INSTRUCTIONS FOR THE TASK: Where the line containing "https://timunmini.id/game/yuki-and-rina-football" appears in the entries below, begin there and output every line through the last, exactly, minus the pictures.

Stored dataset items:
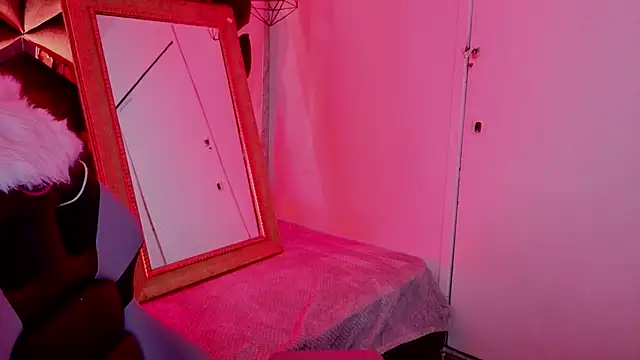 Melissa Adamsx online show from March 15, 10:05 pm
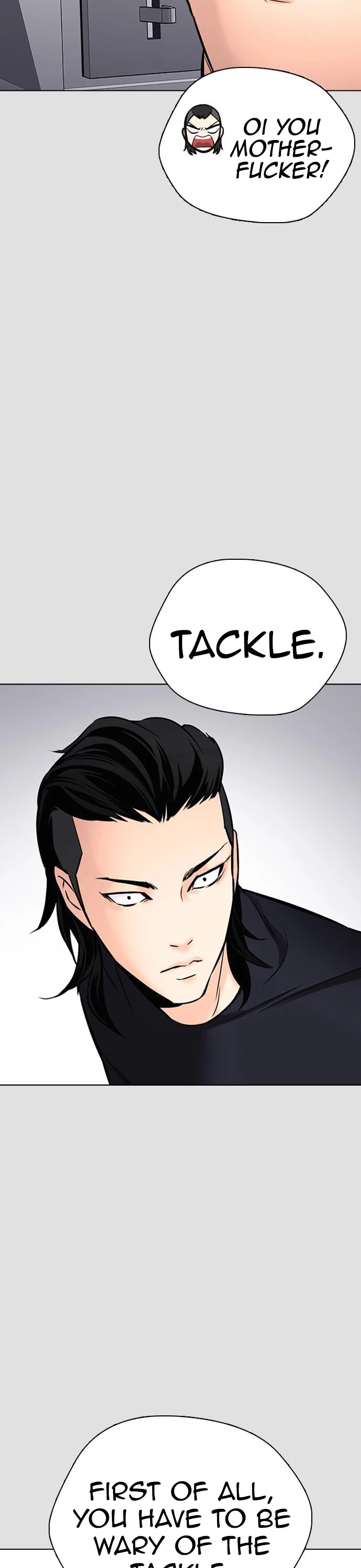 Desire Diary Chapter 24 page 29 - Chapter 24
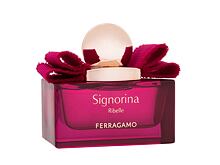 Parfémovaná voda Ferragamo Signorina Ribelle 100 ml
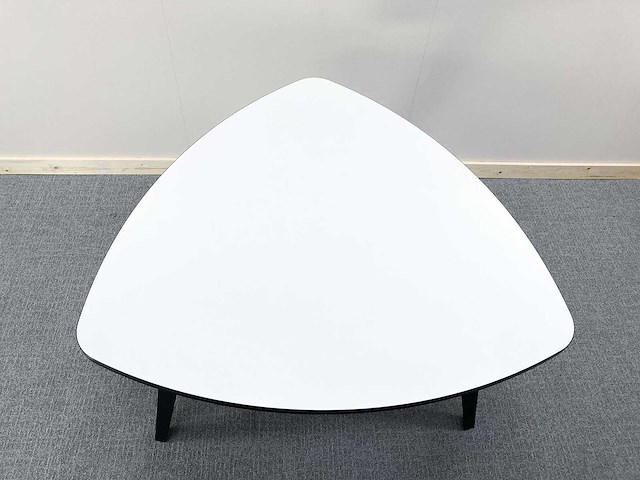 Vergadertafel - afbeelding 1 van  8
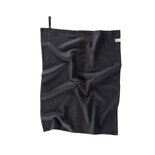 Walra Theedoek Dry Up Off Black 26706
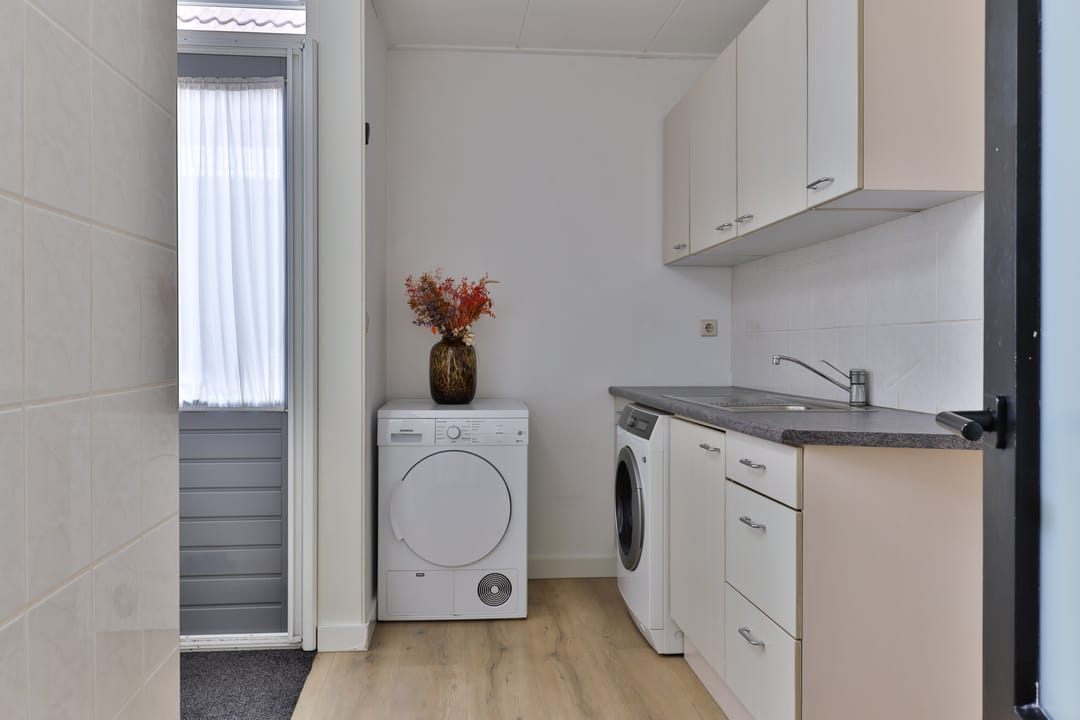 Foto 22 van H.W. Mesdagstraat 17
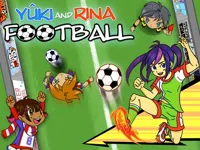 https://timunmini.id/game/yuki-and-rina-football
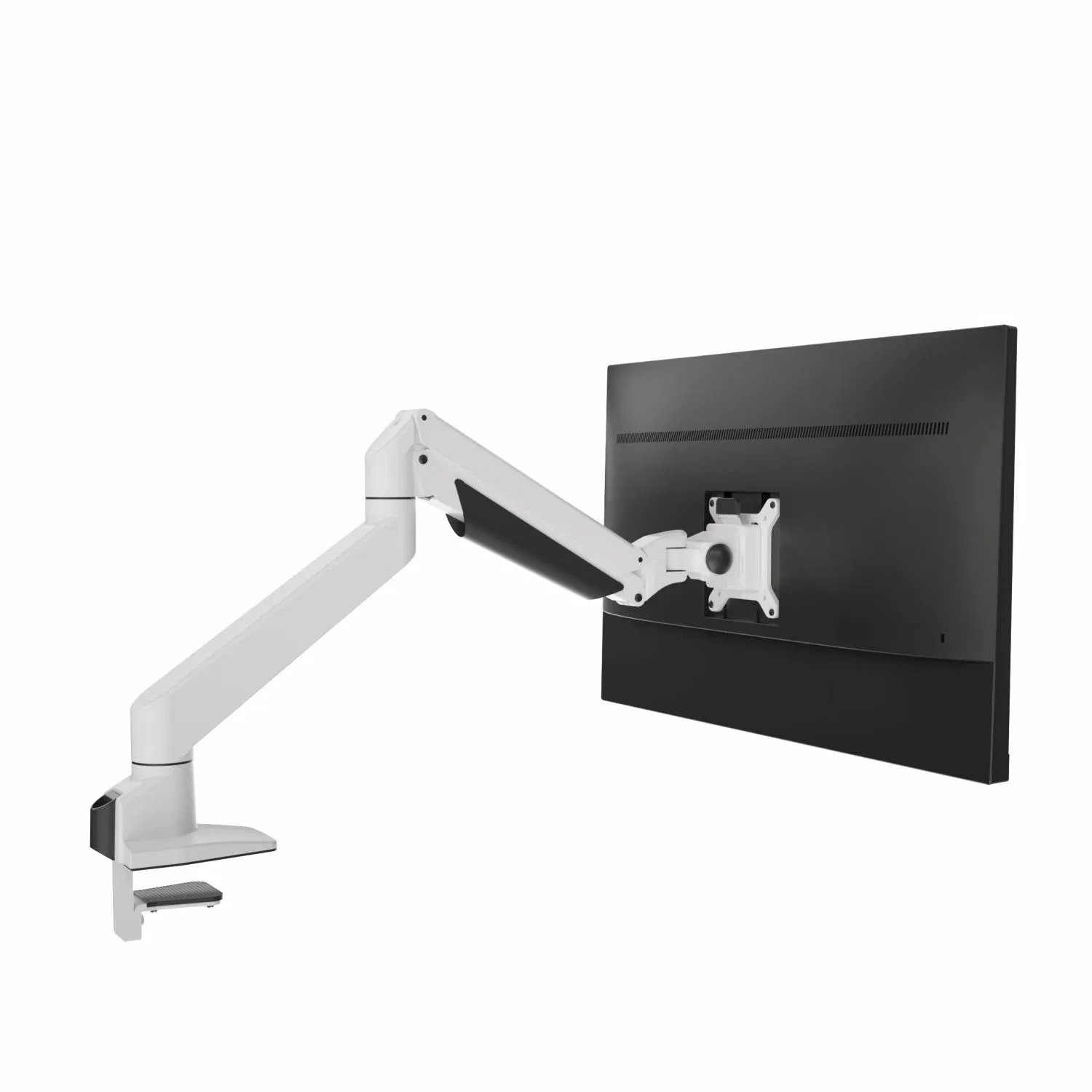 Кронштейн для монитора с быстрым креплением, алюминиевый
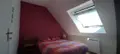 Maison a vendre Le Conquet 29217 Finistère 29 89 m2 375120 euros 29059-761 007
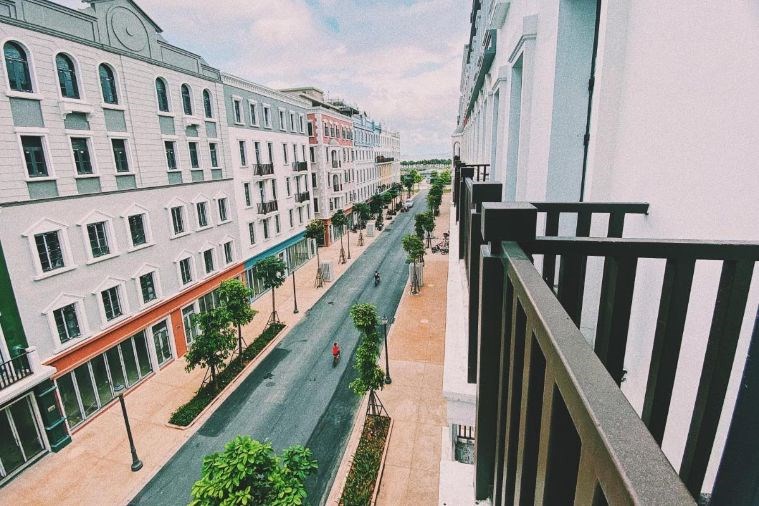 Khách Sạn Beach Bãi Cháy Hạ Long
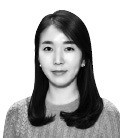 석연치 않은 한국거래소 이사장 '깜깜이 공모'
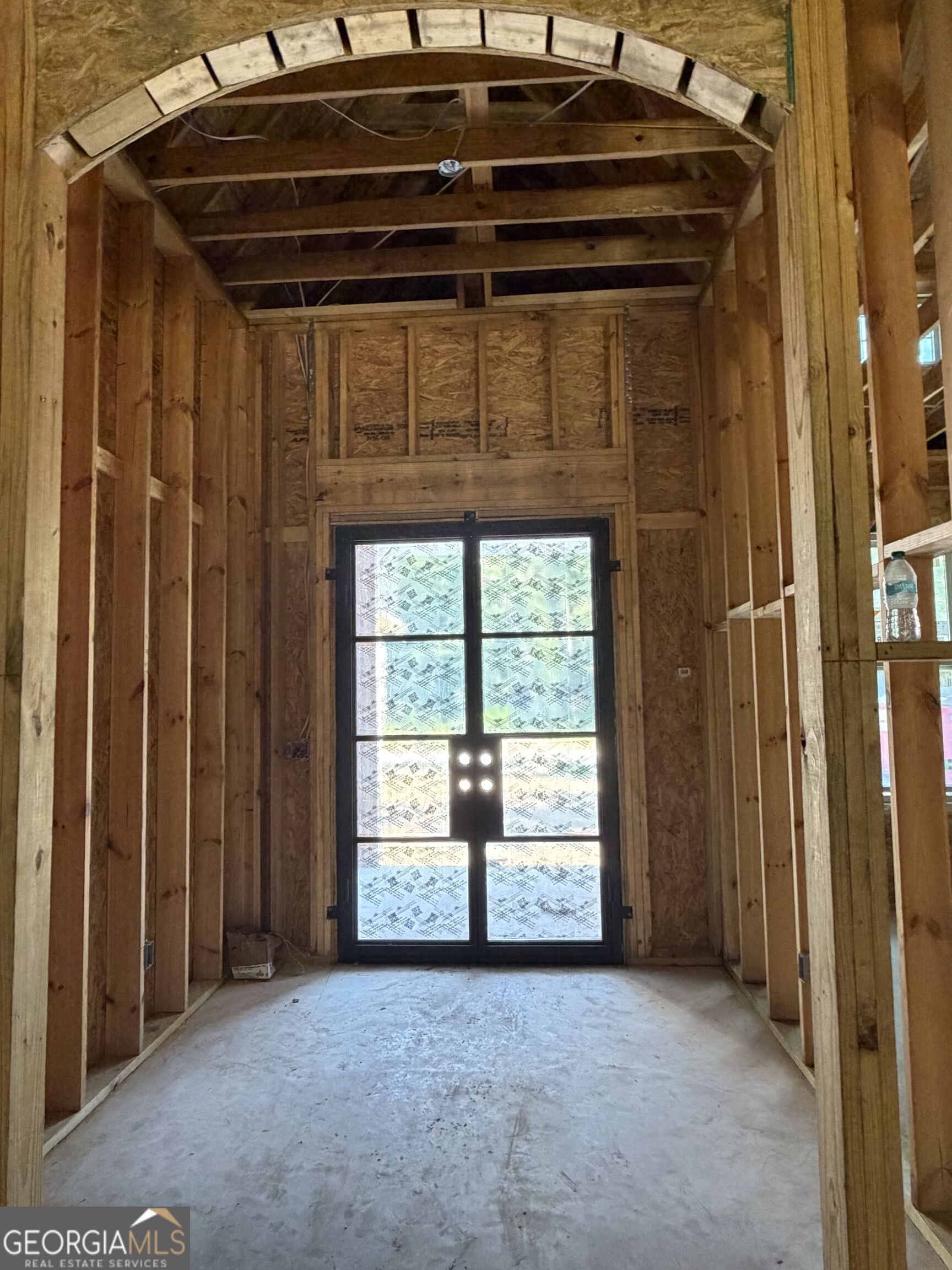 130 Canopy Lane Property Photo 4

RESPONSE BOX:
 https://timunmini.id/game/yuki-and-rina-football
 Кронштейн для монитора с быстрым креплением, алюминиевый
 Maison a vendre Le Conquet 29217 Finistère 29 89 m2 375120 euros 29059-761 007
 Khách Sạn Beach Bãi Cháy Hạ Long
 석연치 않은 한국거래소 이사장 '깜깜이 공모'
 130 Canopy Lane Property Photo 4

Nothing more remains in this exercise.